:: Work item ::
Would you copy only the lines below, from the one containing "Alternative view of" through the very last one, leaving the pictures out?

:: Extracted data ::
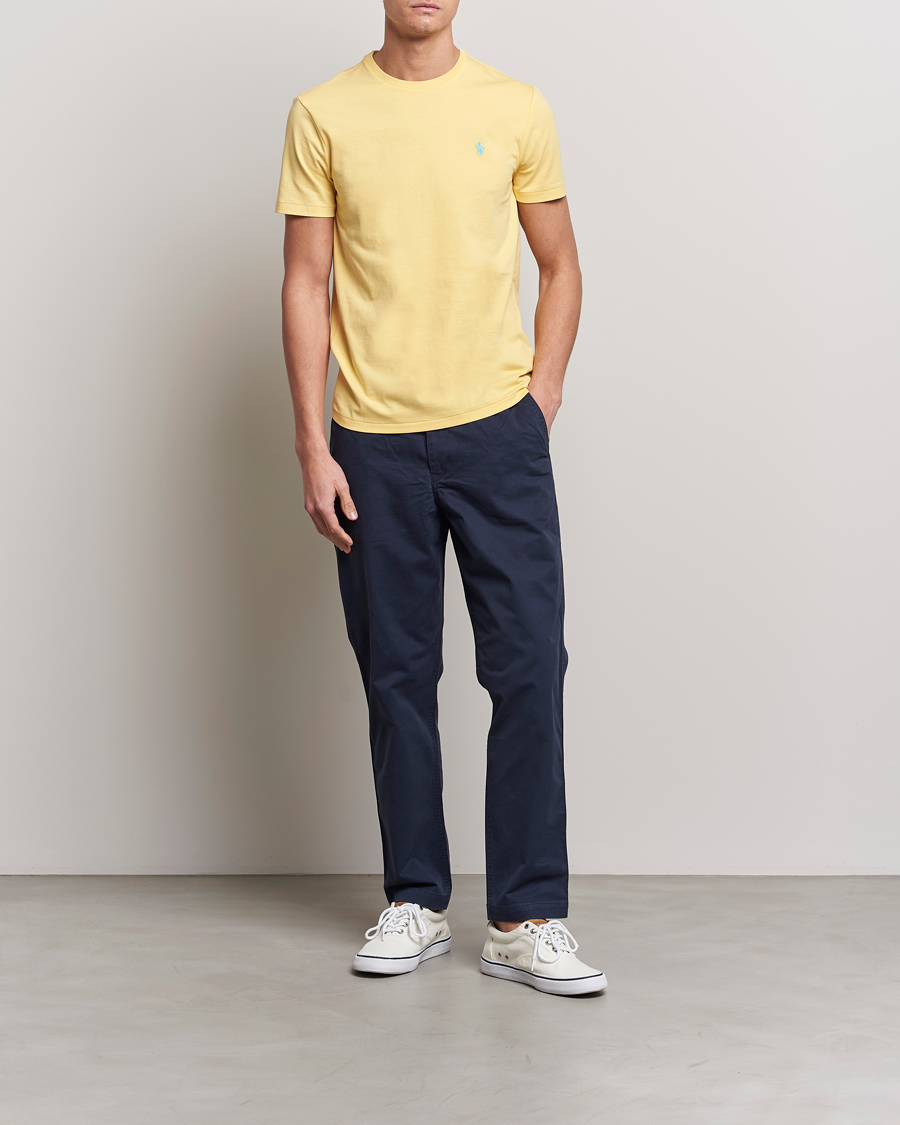 Hombres | Camisetas | Polo Ralph Lauren | Crew Neck T-shirt Corn Yellow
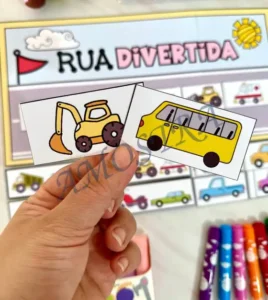 Amostra do material 22- Rua Divertida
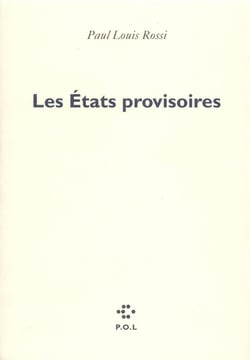 Les états provisoires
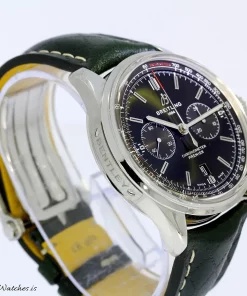 Alternative view of Breitling Bentley AB0118A11L1X1 Automatic 42mm Unisex Replica Watch - Green Dial, Steel Case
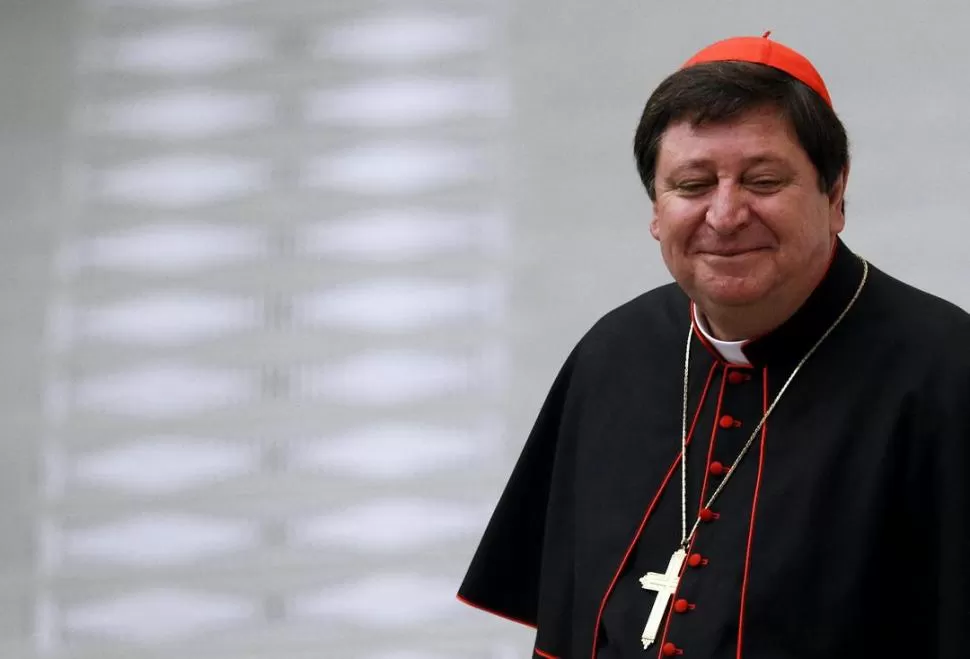 EXPECTATIVA. Braz de Aviz es el brasileño con más chances de ser Papa. REUTERS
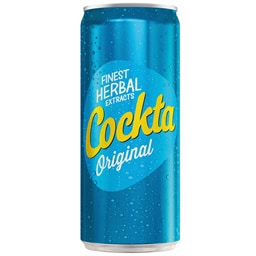 Cockta original 0,33l limenka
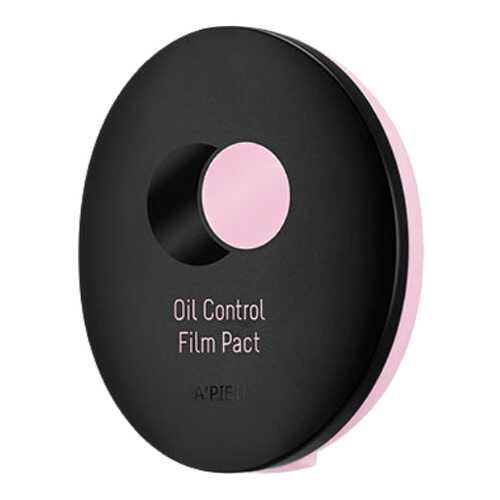 Пудра A'PIEU Oil Control Film Pact №1 Soft Pink 10 г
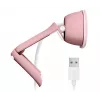 LOGITECH Brio 100 Webcam Full HD rosa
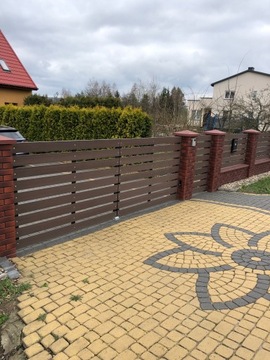 Пикетная доска Композитная доска для забора доступна немедленно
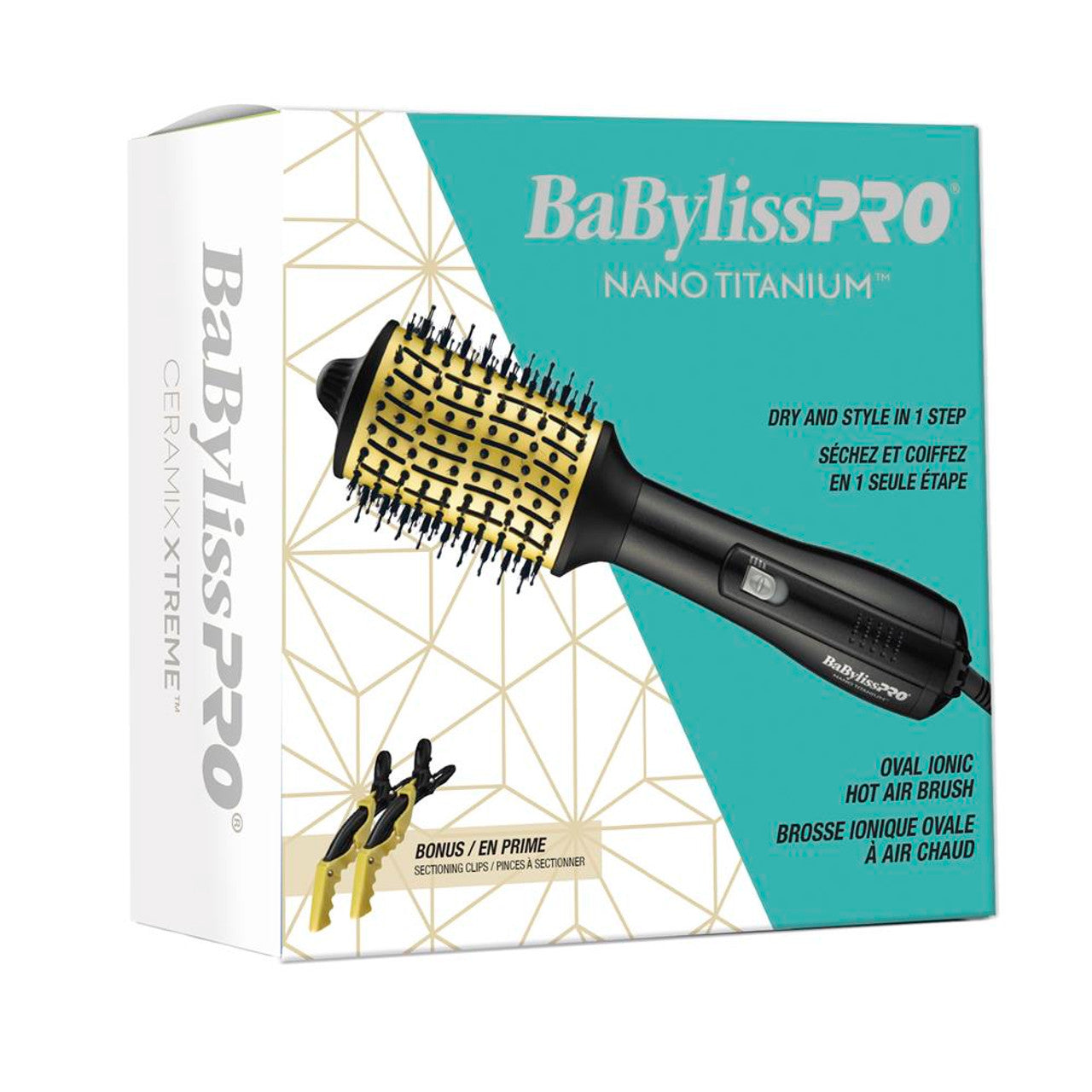 BabylissPRO Oval Ionic Hot Air Brush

:: Solution for this exercise ::
 Alternative view of Breitling Bentley AB0118A11L1X1 Automatic 42mm Unisex Replica Watch - Green Dial, Steel Case
 EXPECTATIVA. Braz de Aviz es el brasileño con más chances de ser Papa. REUTERS
 Cockta original 0,33l limenka
 Пудра A'PIEU Oil Control Film Pact №1 Soft Pink 10 г
 LOGITECH Brio 100 Webcam Full HD rosa
 Пикетная доска Композитная доска для забора доступна немедленно
 BabylissPRO Oval Ionic Hot Air Brush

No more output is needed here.